0

I have long text lines and want to read text between two words. It is a big text file in a standard format as follows:

First Paragraph
(Empty line)
Random lines are in this file with different words. Some
random lines are in this file with some different words. Some words here
random lines are in this file with various different words. Many words
random lines are in this file with plenty of different words
(Empty line)    
Second Paragraph
(Empty line)

I am looking for text between Fist Paragraph and Second Paragraph.
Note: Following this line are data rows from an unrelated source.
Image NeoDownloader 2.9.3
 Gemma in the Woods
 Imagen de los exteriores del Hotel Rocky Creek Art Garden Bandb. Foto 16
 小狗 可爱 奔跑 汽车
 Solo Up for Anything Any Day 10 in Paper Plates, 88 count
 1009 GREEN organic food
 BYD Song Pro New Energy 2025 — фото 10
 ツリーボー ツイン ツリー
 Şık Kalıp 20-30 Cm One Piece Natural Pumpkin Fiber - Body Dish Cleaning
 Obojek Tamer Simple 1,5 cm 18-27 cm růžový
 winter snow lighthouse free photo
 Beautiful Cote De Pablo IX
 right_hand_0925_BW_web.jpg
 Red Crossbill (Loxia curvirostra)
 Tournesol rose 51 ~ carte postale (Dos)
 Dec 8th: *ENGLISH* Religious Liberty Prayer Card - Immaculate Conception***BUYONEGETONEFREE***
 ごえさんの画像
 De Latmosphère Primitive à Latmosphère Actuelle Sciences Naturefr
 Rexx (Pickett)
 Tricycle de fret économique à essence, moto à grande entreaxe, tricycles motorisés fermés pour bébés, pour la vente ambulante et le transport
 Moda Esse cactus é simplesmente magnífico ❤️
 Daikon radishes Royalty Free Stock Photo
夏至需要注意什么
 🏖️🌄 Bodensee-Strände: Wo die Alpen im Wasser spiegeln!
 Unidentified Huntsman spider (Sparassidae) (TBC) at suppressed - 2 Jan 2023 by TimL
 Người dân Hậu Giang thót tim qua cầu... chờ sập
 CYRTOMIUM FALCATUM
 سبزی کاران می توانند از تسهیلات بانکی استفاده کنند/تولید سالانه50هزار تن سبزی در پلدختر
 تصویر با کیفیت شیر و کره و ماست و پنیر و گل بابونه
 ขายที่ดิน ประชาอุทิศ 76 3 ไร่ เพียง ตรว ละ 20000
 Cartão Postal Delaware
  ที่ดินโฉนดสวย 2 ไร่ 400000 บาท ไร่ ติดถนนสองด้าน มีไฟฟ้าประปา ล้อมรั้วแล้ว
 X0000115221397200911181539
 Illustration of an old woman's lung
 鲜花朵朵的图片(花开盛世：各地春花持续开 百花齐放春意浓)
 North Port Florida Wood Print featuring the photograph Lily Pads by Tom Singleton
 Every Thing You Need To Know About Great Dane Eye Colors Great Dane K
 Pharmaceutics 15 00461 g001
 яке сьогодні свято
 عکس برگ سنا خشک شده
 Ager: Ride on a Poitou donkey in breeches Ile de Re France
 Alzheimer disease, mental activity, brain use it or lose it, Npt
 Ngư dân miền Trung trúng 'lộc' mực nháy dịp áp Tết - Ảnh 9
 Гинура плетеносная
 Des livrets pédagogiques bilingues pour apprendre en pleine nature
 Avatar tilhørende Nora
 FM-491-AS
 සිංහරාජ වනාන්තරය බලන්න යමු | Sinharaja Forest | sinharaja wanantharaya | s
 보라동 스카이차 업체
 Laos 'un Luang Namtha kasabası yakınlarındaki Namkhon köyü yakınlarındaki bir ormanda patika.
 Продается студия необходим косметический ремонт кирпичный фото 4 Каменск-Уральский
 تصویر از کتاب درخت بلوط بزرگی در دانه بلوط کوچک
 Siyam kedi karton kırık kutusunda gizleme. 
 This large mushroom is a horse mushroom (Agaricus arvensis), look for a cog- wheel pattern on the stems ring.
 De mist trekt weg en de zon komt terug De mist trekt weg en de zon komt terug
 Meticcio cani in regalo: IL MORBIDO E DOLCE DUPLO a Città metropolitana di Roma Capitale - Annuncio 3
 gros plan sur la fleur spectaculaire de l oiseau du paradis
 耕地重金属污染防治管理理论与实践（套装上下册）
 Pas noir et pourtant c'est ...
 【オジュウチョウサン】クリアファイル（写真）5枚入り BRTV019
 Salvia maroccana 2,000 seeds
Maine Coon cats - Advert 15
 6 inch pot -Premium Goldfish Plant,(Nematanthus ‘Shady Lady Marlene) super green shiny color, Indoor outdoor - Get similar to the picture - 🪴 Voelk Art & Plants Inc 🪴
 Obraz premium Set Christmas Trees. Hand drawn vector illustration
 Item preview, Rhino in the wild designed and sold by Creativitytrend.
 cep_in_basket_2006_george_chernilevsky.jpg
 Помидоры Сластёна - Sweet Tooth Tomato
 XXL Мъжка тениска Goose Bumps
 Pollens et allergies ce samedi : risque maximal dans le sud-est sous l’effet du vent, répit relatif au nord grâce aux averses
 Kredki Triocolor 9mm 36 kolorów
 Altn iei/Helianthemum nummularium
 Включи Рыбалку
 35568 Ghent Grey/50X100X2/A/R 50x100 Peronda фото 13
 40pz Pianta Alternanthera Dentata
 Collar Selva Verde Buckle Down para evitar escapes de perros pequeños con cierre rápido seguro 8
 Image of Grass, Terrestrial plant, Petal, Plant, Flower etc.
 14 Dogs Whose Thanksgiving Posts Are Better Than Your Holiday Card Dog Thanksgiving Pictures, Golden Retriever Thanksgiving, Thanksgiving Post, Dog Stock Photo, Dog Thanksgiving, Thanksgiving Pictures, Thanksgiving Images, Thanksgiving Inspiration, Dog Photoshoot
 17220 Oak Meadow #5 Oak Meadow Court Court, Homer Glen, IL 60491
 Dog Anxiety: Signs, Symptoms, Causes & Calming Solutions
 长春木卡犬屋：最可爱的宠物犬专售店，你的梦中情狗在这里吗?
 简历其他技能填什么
I have tried couple of approaches using spacy but unable to get what I want.

#Approach 1:  This approach doesn't return anything

import spacy
from spacy.matcher import Matcher

nlp = spacy.load("en_core_web_sm")
matcher = Matcher(nlp.vocab)

pattern = [{'LOWER': 'first'}, {'LOWER': 'second'}]

matcher.add("FindParagrpah", None, pattern)

doc = nlp(random_text_from_file_in_String_format)

matches = matcher(doc)
for match_id, start, end in matches:
  string_id = nlp.vocab.strings[match_id]  # Get string representation
  span = doc[start:end]  # The matched span
  print(match_id, string_id, start, end, span.text)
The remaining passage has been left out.